§ Provided records
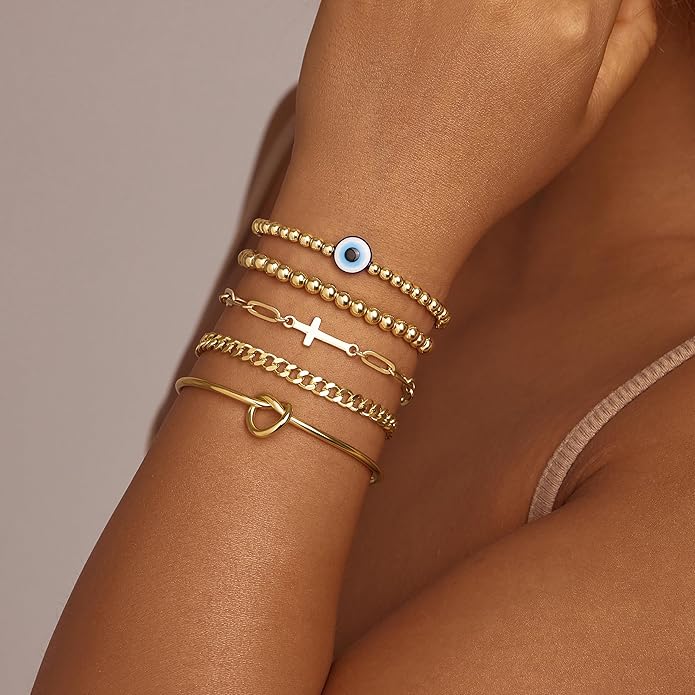 Gold Bracelets for Women Non Tainish,Dainty Bracelets Stack for Women Trendy, Gold Plated Cuff Bracelets Stack With Beaded Cuban Paperclip Snake Rope Bangle Hand Chain Jewelry Gifts for Women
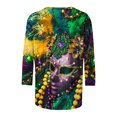 thumbnail image 5 of Penkiiy T-shirt Blouse à Manches 3/4 Col Rond Imprimé Mode Mardi Gras pour Femmes G Multicolore, 5 of 5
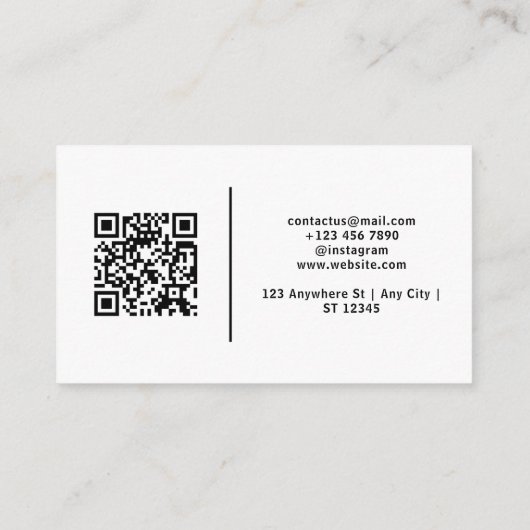Moderne Dark Sand QR-code Visitekaartje (Achterkant)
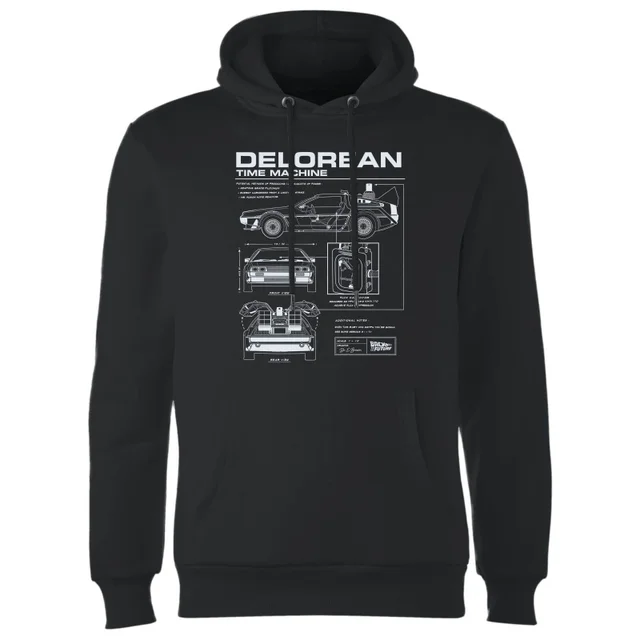 Back to the Future DeLorean Schematic Hoodie - Zwart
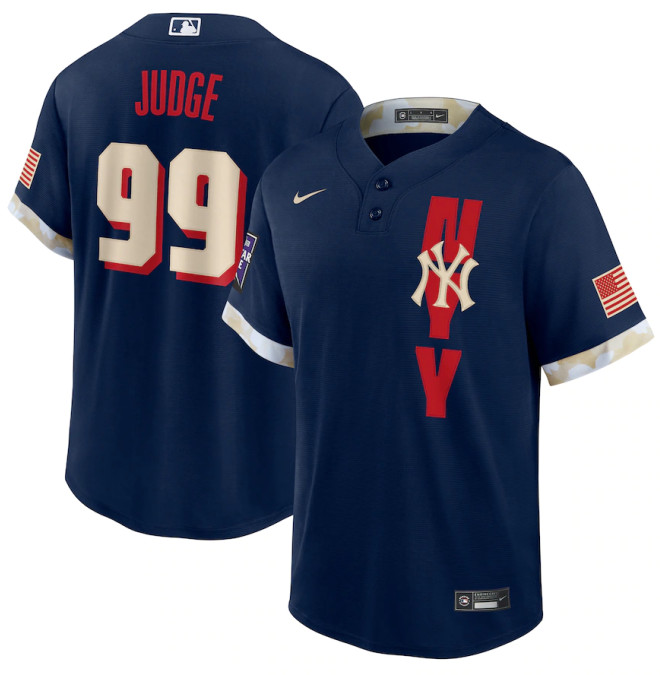 Men's New York Yankees #99 Aaron Judge Nike Navy 2021 MLB All-Star Game Replica Player Jersey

§ What needs to be done
Repeat the entries exactly, pictures left out.

§ Task response
 Gold Bracelets for Women Non Tainish,Dainty Bracelets Stack for Women Trendy, Gold Plated Cuff Bracelets Stack With Beaded Cuban Paperclip Snake Rope Bangle Hand Chain Jewelry Gifts for Women
 thumbnail image 5 of Penkiiy T-shirt Blouse à Manches 3/4 Col Rond Imprimé Mode Mardi Gras pour Femmes G Multicolore, 5 of 5
Moderne Dark Sand QR-code Visitekaartje (Achterkant)
 Back to the Future DeLorean Schematic Hoodie - Zwart
 Men's New York Yankees #99 Aaron Judge Nike Navy 2021 MLB All-Star Game Replica Player Jersey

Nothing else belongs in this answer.